Models of trains would evolve like any other technology. As railroad technology advanced, so did the quality of model trains. What started with crude blocks of wood evolved into cast iron “floor toys”; these crude trains were meant to be pushed along on the floor. Soon came sectional track from Märklin of Germany and the first “layout” was created. For several years, model trains were powered with wind-up mechanisms like clocks of that era. The clockwork trains developed into their final iterations, becoming advanced devices that used elaborate trackside trips to start and stop them. But other trains were now being operated with electricity.
As electricity became more prevalent, it was only natural that it would be used to operate model trains.
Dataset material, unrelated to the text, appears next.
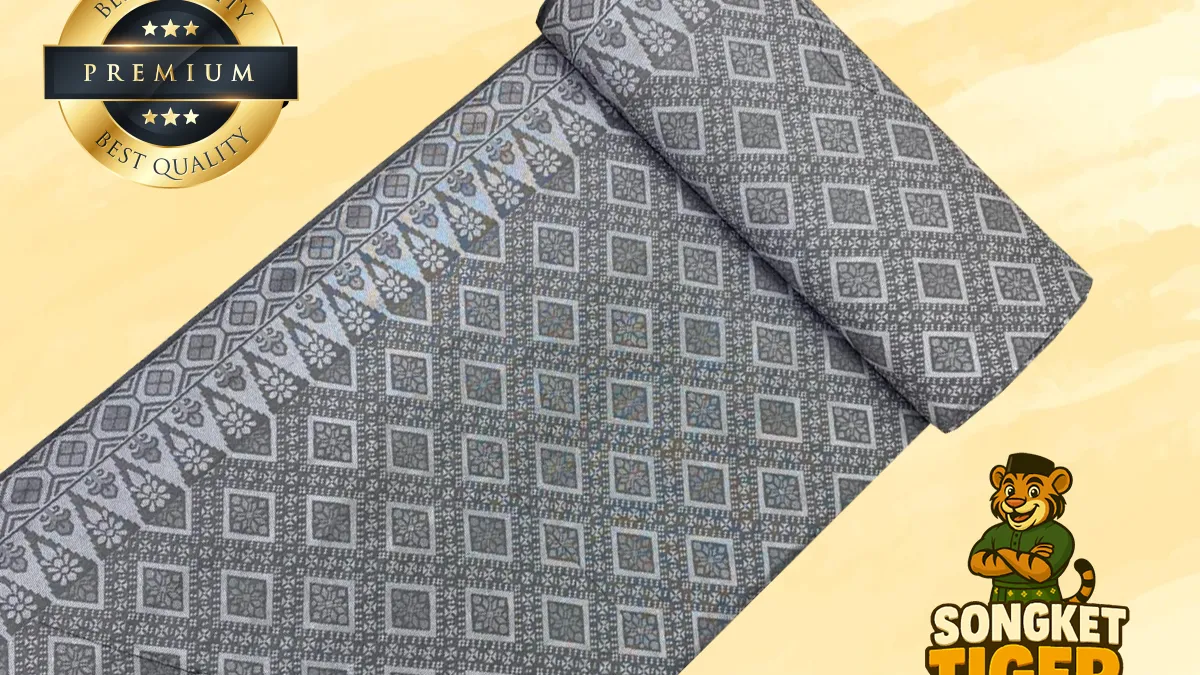 Multiple folded songket fabrics in different colours and patterns laid side by side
Initially, some of these trains used straight house current to run them, but the ensuing shocks and yelps from startled family pets would lead to the use of a transformer, which converted high voltage electric current into a more tame twelve to twenty four volts. Eventually, eighteen volts became a de facto standard. As electric powered model railroading became more advanced, automated approaches were used to control multiple trains through the use of signals. And as the number of trains on a model railroad grew, these approaches became more complicated.
An early attempt at advanced model railroad control came from Lionel, an industry leader of its time. In 1946, Lionel introduced its Electronic Set, which allowed for the remote operation of the locomotive’s whistle, remote dumping operation of one of the cars and remote uncoupling of the different cars, at any location without the need for special tracks. It was a technological breakthrough and a maintenance nightmare at the same time. This train set used a special control box with push buttons; inside were a series of radio tubes which when operated sent a specific radio frequency through the track to the desired device. The locomotive and each of the cars had a tuned coil which responded to this signal. Although elegant in concept, the push button control box produced signals that were, in the dry terminology of the day, “rich in harmonics”. The outcome was that when Junior operated the automatic dump car on his railroad, he also was possibly operating the neighbor’s new automatic remote garage door opener. The Electronic Set soon became a collector’s item.
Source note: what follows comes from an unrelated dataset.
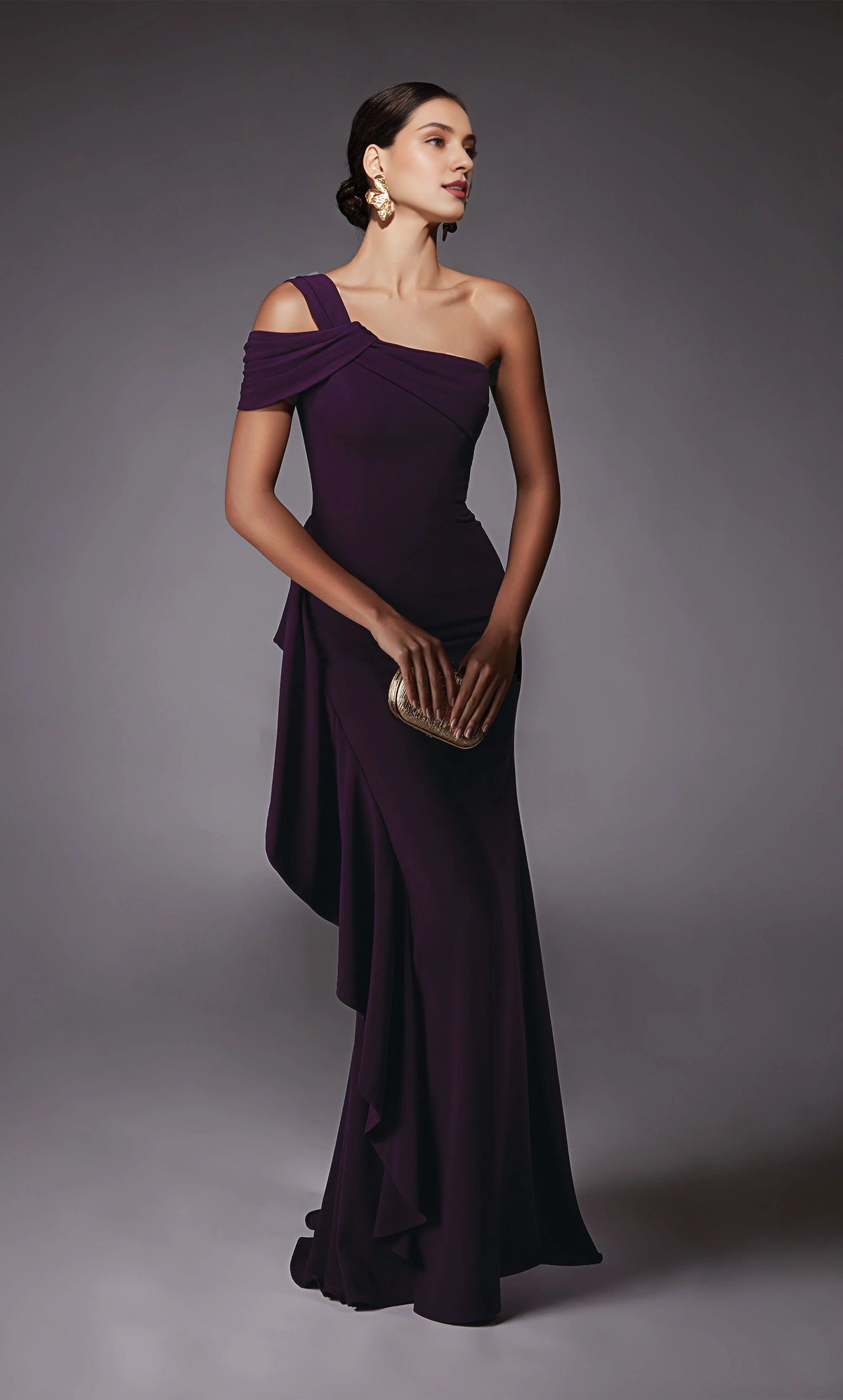 Mulberry Crepe Sheath One Shoulder Floor-Length Gown with Ruffle Skirt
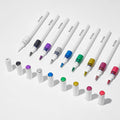 9 Color Acrylic Paint Markers, Water-Based Acrylic Markers for Artists Adults Coloring Drawing Cartoon Anime Comic - Brush Tip for Rock Painting, Wood, Canvas, Fabric, DIY Crafts Making (8 Metal)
But technology was not to be denied, and in 1964, the massive General Electric Company introduced its advanced model train control system, Astrac. In retrospect, it is interesting that such a large company would take an interest in model trains, and evidently Astrac was an outgrowth of another use for this technology developed by GE. In any case, Astrac had all of the elements, offering remote independent control of up to five model train locomotives. It was the beginning of a major model railroad development, electronic control.
What followed were a series of systems which continued the evolutionary development of advanced model railroad control. Two of the more popular systems were PSI's Dynatrol system and Keller Engineering's Onboard system. Both of these systems used audio tones to control each locomotive. In 1978, Model Railroader magazine published a series of articles on how to build your own command control system. The system, called the CTC-16, could control up to 16 different trains, all on the same track. This system would evolve into CTC-64, which could control up to sixty four locomotives. At about the same time, Hornby of Great Britain introduced its Zero One digital system for advanced model railroad control. With the passage of time, all of these systems have become historical predecessors to advanced model train control.
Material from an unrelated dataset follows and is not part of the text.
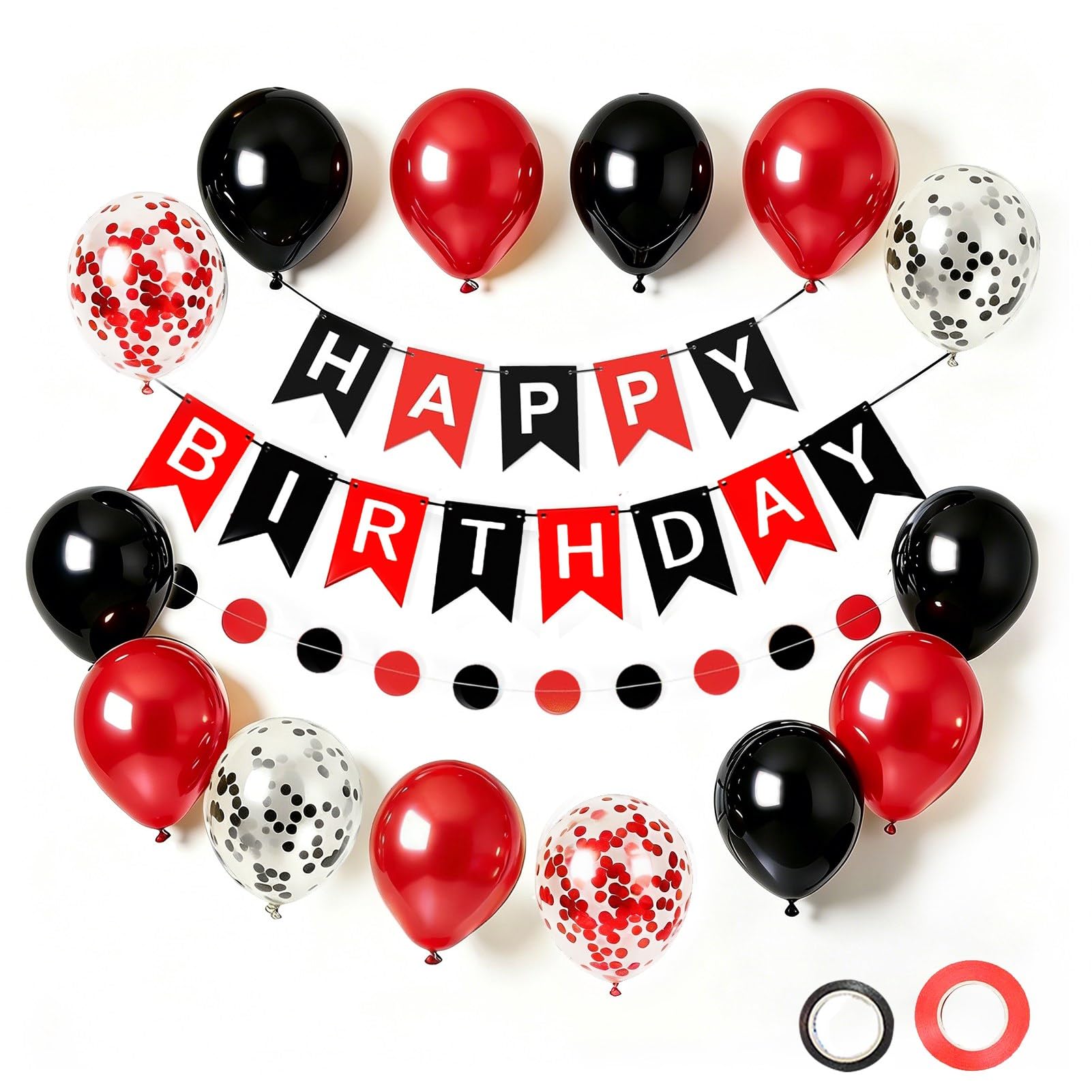 EUFARS Red and Black Birthday Decorations - Black Red Happy Birthday Banner, Balloons, Circle Dots Garland for Women Men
In 1984, Märklin introduced its Digital system. An old line, well established manufacturer, Märklin brought credibility to the concept of using advanced electronics to control model trains. The Digital system controled both trains and remote devices through the use of decoders. Designed for use with its AC powered model trains in H0, the Digital system included a complete range of products for advanced model railroad control.
For reasons unknown even by Company insiders, Märklin chose to field another system developed by a contractor for similar advanced control of model trains which used the more prevalent DC voltages commonly found in H0, N and other scales. Ultimately, it was this system developed by Bernd Lenz which would be the foundation of Digital Command Control (DCC). During this phase of train control history in Europe at least 7 different multi-train control systems evolved none of which were interoperable.
Although the Märklin Digital system was the predominant system in Europe, there was concern in North America that reliance upon one supplier was not desirable.
It is from this foundation that DCC became the command control system of choice in America. While the Märklin system was closed-architecture, DCC was open-architecture, which allowed for many vendors to produce many different products, all of which were interoperable with each other because of the commitment of manufacturers to maintain this level of compatibility demanded by US consumers. What followed was a long series of sometimes fractious discussions amongst the manufacturers to establish a common standard which responded to the market’s requirements. It is that set of industry standards which is today’s modern DCC, and what once was confined to the North American market has now established itself as a world-wide method of train control.